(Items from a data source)
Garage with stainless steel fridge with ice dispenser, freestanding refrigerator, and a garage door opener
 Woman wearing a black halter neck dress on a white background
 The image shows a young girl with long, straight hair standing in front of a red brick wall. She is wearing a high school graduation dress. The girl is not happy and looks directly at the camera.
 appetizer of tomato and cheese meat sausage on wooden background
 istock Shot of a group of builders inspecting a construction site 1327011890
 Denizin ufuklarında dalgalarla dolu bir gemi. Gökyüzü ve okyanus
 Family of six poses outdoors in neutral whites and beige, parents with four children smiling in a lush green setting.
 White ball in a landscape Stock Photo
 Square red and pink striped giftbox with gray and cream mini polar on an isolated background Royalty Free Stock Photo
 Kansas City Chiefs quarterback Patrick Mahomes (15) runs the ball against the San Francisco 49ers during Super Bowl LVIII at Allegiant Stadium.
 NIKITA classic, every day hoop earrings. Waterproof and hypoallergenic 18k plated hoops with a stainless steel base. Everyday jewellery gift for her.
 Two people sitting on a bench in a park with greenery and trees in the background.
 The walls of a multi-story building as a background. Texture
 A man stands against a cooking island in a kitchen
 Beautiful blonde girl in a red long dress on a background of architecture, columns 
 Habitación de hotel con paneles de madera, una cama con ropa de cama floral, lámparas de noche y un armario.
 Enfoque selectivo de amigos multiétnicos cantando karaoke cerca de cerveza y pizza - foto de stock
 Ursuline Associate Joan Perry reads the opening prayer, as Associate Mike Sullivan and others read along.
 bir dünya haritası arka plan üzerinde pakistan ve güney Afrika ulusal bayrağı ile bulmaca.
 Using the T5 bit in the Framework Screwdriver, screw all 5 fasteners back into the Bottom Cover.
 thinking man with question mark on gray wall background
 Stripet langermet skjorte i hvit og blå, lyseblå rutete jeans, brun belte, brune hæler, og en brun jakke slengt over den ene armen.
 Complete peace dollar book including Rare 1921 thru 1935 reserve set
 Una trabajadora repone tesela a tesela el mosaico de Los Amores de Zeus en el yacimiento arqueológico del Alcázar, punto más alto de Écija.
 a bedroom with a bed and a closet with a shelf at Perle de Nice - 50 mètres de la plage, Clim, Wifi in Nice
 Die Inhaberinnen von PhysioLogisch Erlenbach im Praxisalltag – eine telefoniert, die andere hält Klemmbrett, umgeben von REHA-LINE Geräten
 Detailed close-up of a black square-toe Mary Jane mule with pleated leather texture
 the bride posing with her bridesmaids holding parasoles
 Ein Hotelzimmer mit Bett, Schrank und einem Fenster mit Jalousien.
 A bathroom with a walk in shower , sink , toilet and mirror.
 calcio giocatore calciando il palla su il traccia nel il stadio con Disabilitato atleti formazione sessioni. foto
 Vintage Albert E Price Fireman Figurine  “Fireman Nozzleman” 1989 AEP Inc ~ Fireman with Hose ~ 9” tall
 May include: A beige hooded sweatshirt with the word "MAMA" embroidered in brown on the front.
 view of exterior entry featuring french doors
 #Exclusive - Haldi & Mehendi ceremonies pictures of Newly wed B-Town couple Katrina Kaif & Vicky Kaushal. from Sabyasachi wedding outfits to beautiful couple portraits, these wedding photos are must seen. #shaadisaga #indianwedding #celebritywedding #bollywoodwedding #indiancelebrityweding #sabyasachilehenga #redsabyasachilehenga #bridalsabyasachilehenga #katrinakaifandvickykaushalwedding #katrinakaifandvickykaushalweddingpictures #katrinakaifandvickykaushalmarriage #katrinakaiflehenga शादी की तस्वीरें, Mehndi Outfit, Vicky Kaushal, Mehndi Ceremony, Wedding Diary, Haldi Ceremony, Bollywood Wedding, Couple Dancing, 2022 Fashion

# AIM OF THE EXERCISE
Lines above that include the string "ball" need to be copied.

# FINISHED TASK
 White ball in a landscape Stock Photo
 Kansas City Chiefs quarterback Patrick Mahomes (15) runs the ball against the San Francisco 49ers during Super Bowl LVIII at Allegiant Stadium.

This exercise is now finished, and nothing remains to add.